30/5/2008 - Franz Werfel knew that he had been taken in by forgeries
Excerpts from the book:A Myth of Terror
Armenian Extremism:Its Causes and Its Historical Context
An Illustrated Expose by Eric Feigl
Abraham
Sou Sever is a Sephardic Jew, born in Izmir, Turkey, before World War
I. He later emigrated to the United States and now lives in California.
Abraham
Sou Sever has filed a written Deposition and Testimonial in which he
tells the truth about the Armenians' "genocide" claims and their
propaganda methods from his own personal life experiences and
knowledge. Particularly significant is his testimony on Franz Werfel.
Mr. Sever's notarized deposition has been transmitted to research
institutions in the United States as part of a written and oral history
collection on the Armenian claims for a genocide.
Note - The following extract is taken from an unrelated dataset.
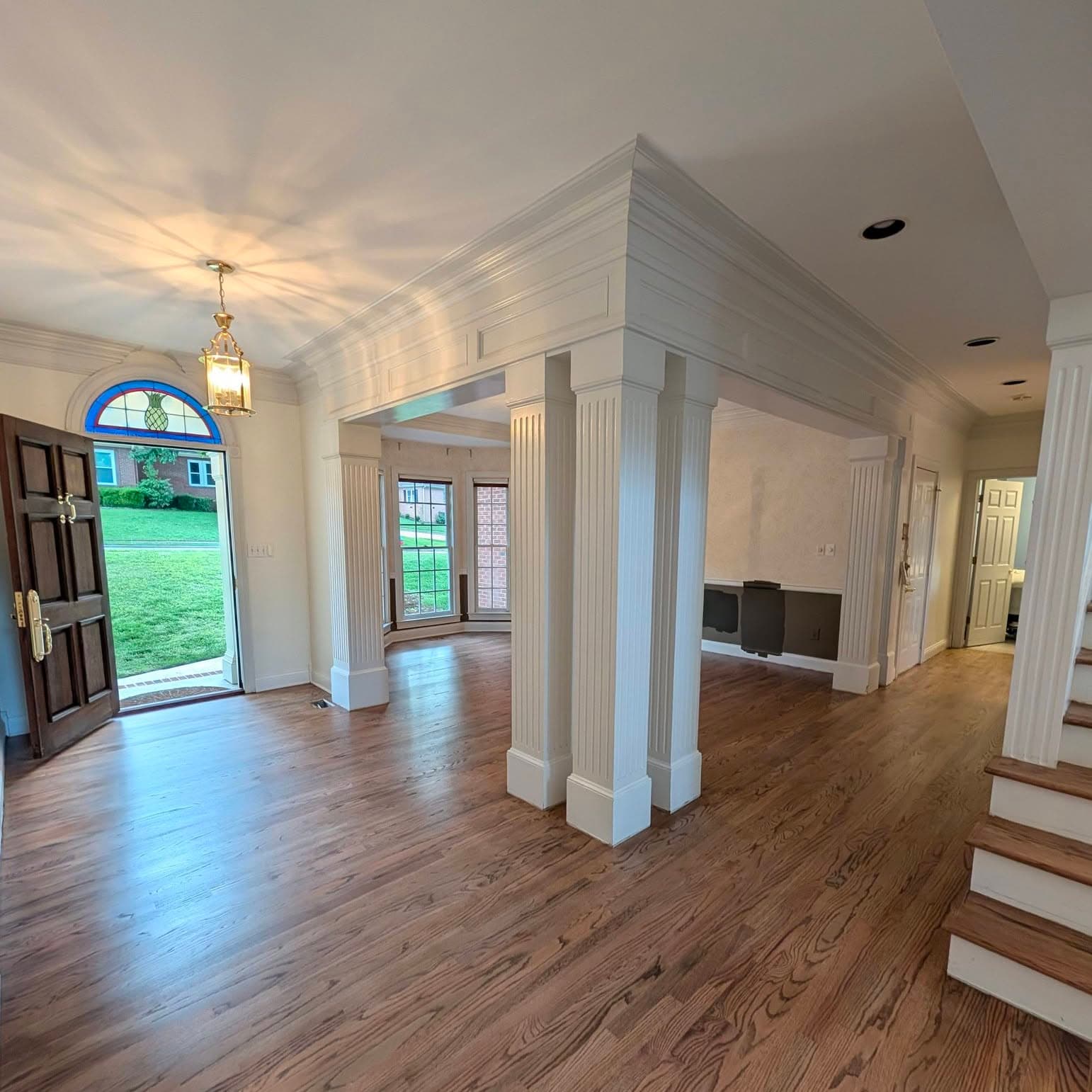 Open living space with columns; base of wooden staircase at far right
Here is what Mr. Sever has to say about Franz Werfel and the events which took place on Musa Dagh:
"Moussa
Dagh (Mount Moussa), if the truth be known, is the best evidence of the
Armenian duplicity and rebellion. Fifty thousand Armenians, all armed,
ascended the summit of that mountain after provisioning it to stand
siege. Daily sallies from that summit of armed bands attacked the rear
of the Ottoman armies, and disappeared into the mountain. When the
Ottomans finally discovered the fortification the Armenians had
prepared, they could not assault and invade it. It stood siege for 40
days, which is a good indication of the preparations the Armenians had
made surreptitiously under the very nose of the Ottoman Government. Nor
was it ever explained that the rebellion of the Armenians had been
fostered, organized, financed, and supplied with arms and munitions by
the Russians.
Leaders of the Armenian
revolutionary organization DASHNAGTZOUTIUN have since admitted to have
been seduced by Russia with promises of independence and a New Armenia.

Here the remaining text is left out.